People that know me realise that I'm just not like this normally. I exude confidence and self belief and here I am quaking in my boots worried about getting on a train and going to work and worried about how I'll get home. In fact, it is the loss of control or normality that has added to the uncertainty and doubt that feeds the phobia. I must ask my friend if he can undo any of this for me.

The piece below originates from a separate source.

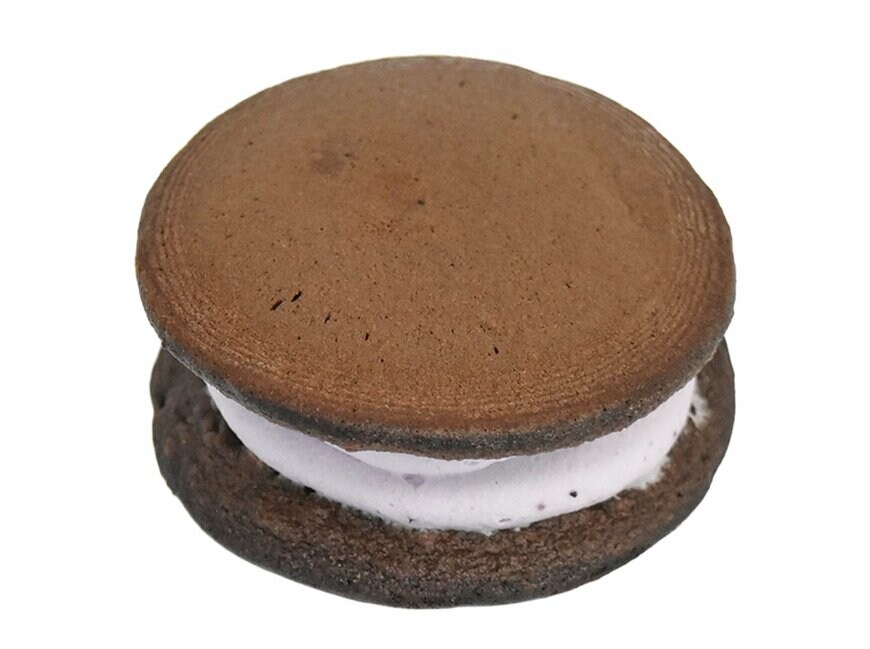 出所：株式会社セブン‐イレブン・ジャパン「今週の新商品」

I'm actually frightened and I can only think of a few times in my life when I have actually been this scared of anything. Cancer itself and all the early stuff was frightening. Seeing a guy running amok with an Axe years ago was pretty frightening. Being deaf and ill. Having a policeman pull a gun on me was sobering. Seeing a guy get glassed on a train and subsequently going to court was scary. Being on the edge of the riots in London and missing at least 5 or 6 major bombings were also scary. realising that only a few weeks after I stopped commuting that I may have been on a train that was involved in a major accident and when I thought I was in the middle of an earthquake in Italy too could be deemed scary. Those sorts of frightening experiences shook me up for a long time. This current anxiety isn't as extreme in terms of the immediacy of it. This is more a pent up fear and I have no idea how I will get on tomorrow with travelling in. I fully intend to get up early and just see how I do. If I can't hack it - I can get off the train and come home.
I'm not looking forward to this one bit but I have to do it I guess. It seems a strange notion that some of the things I fear are pretty much not possible (running out of air on the train for example) but that is what it feels like and in a panic attack that really starts your breathing problems!